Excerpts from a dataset
--------

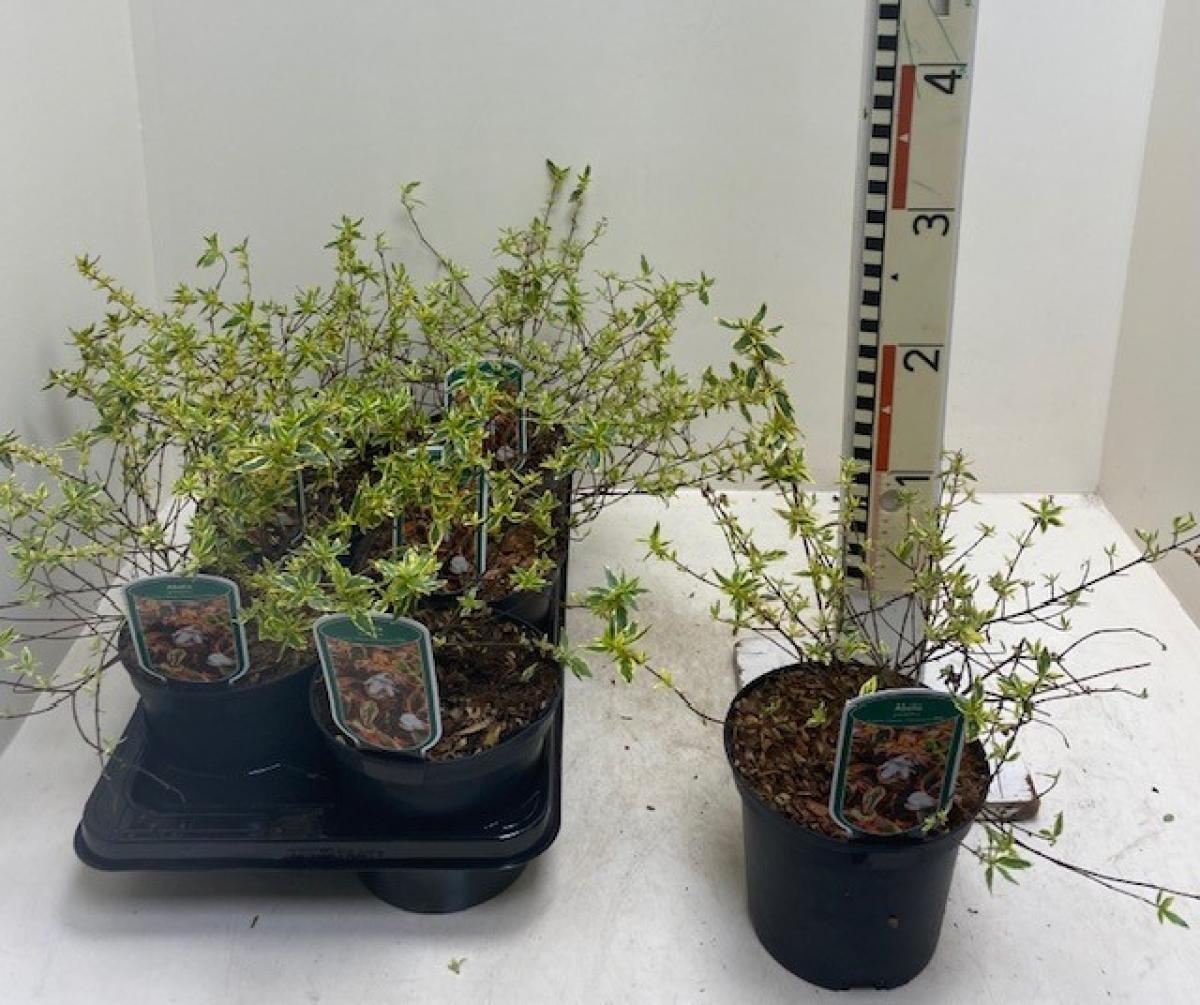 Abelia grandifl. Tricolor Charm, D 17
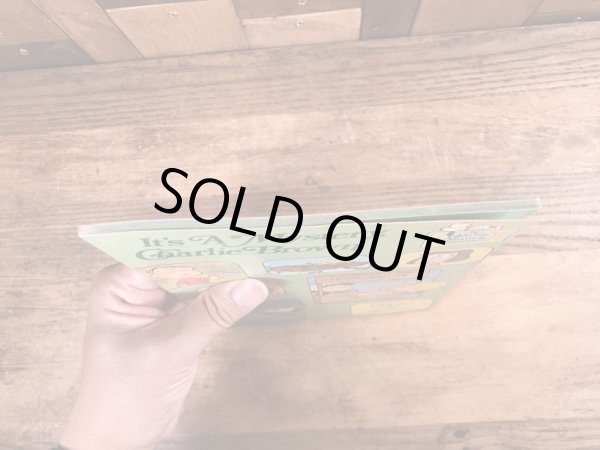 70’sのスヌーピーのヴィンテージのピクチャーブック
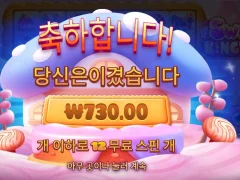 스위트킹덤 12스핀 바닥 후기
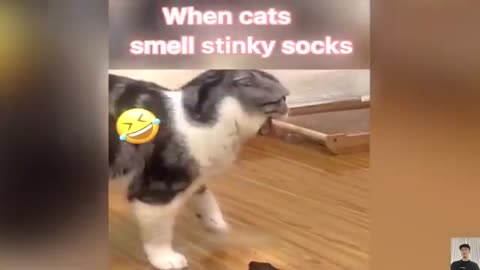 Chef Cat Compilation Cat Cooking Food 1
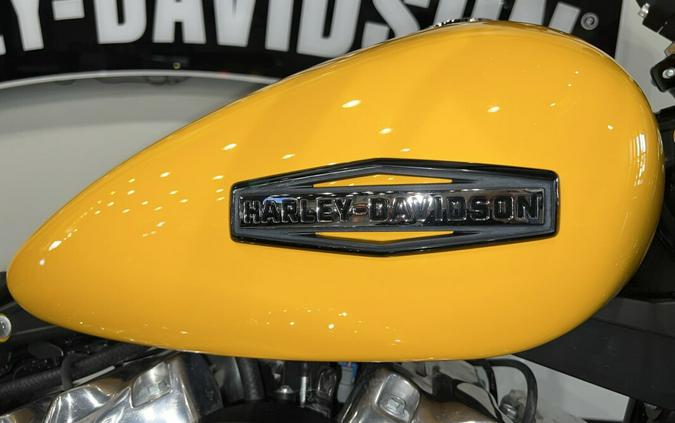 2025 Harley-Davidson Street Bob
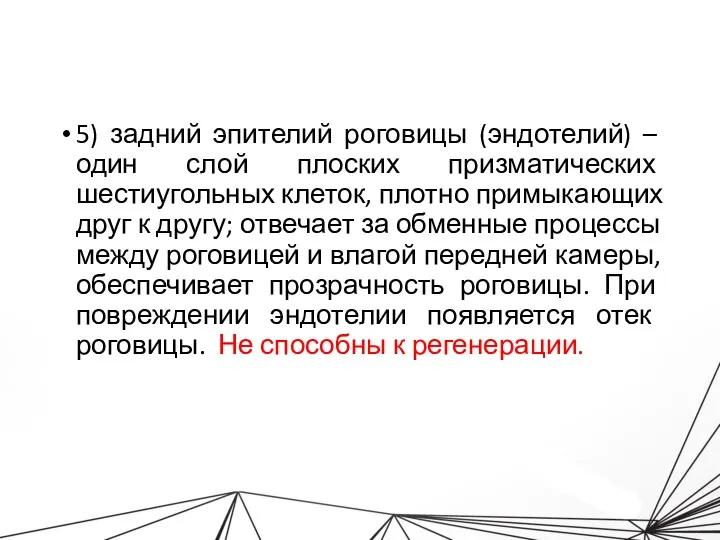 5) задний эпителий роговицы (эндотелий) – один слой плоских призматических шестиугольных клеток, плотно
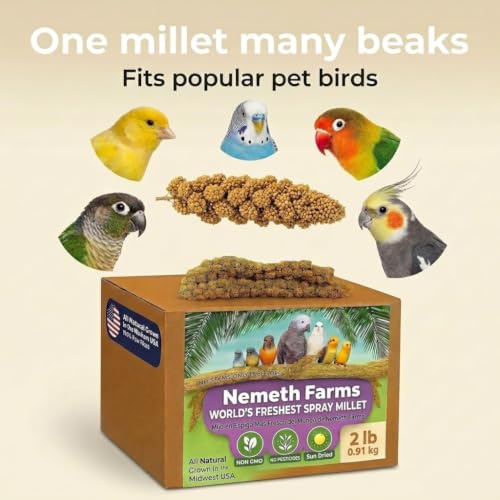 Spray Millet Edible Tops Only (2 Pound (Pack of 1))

--------

▶ **Work order**:
Print the lines from the line with "5) задний эпителий" to the end of the data above. Include both ends, exclude the pictures, and add nothing else.

▶ **Answer space**:
 5) задний эпителий роговицы (эндотелий) – один слой плоских призматических шестиугольных клеток, плотно
 Spray Millet Edible Tops Only (2 Pound (Pack of 1))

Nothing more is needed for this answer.